◆ Your instructions: Your output should be the lines below from the one holding "Organic cotton baby" through the one holding "Vintage Wooden Coaster", transcribed exactly, with no pictures.

(Brief descriptive captions)
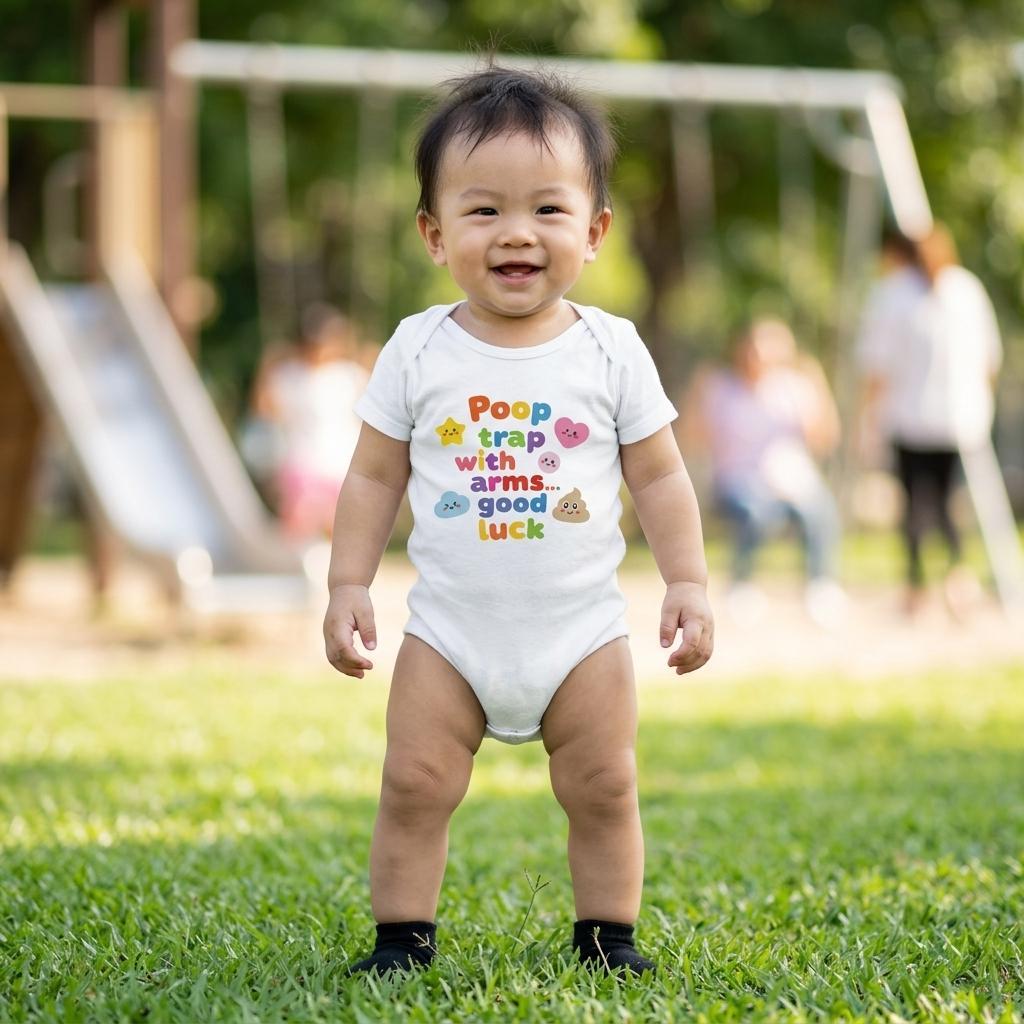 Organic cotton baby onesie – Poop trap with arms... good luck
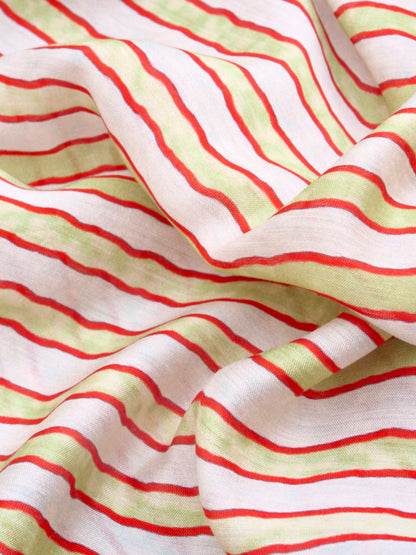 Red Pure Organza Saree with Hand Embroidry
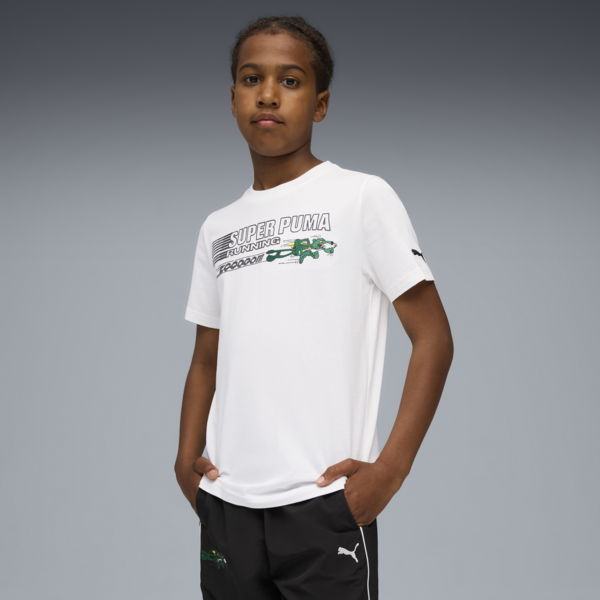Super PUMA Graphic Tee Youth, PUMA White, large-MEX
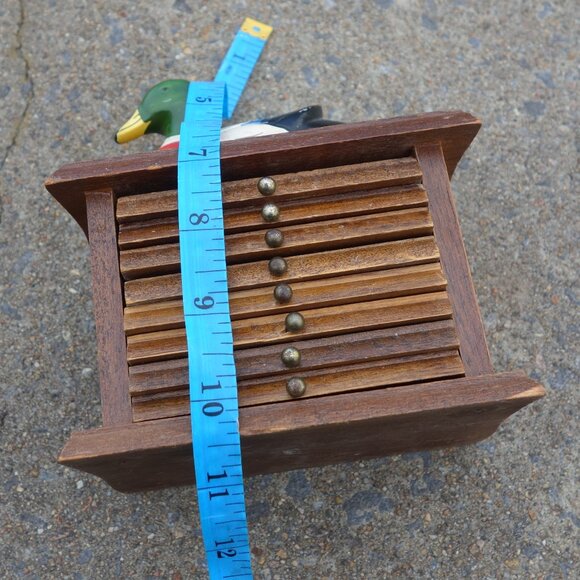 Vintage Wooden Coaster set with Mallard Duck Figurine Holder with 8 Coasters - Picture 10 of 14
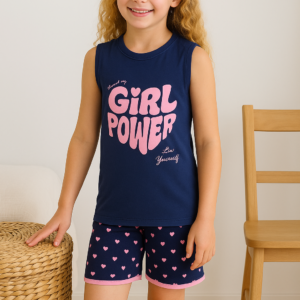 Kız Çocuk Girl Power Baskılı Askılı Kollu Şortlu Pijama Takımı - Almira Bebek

==

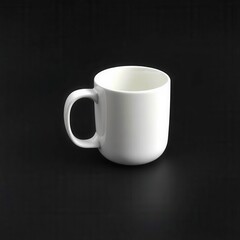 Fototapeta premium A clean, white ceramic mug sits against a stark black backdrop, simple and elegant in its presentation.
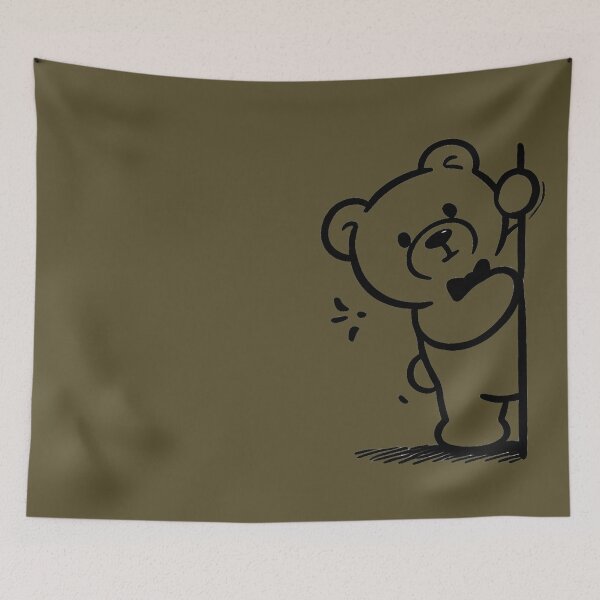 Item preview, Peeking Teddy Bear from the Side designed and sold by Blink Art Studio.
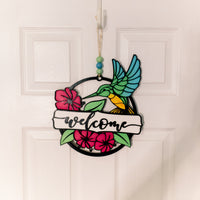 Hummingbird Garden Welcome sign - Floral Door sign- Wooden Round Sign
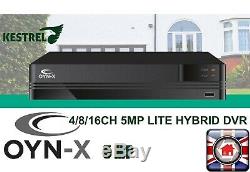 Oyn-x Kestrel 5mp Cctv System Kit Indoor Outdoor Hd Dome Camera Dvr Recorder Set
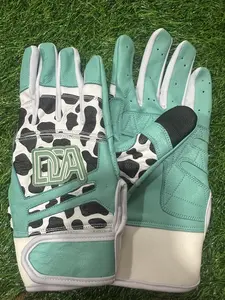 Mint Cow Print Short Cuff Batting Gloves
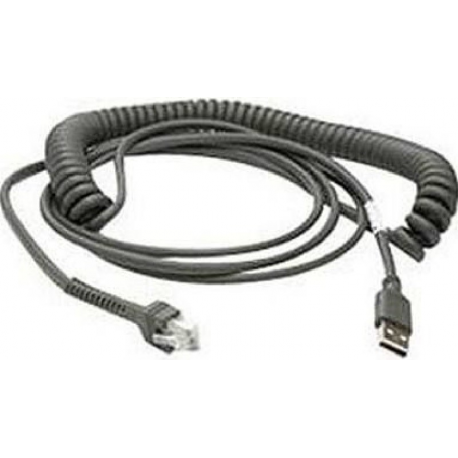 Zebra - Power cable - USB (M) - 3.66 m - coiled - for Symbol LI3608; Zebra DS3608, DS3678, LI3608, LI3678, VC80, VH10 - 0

◆ Written answer:
 Organic cotton baby onesie – Poop trap with arms... good luck
 Red Pure Organza Saree with Hand Embroidry
Super PUMA Graphic Tee Youth, PUMA White, large-MEX
 Vintage Wooden Coaster set with Mallard Duck Figurine Holder with 8 Coasters - Picture 10 of 14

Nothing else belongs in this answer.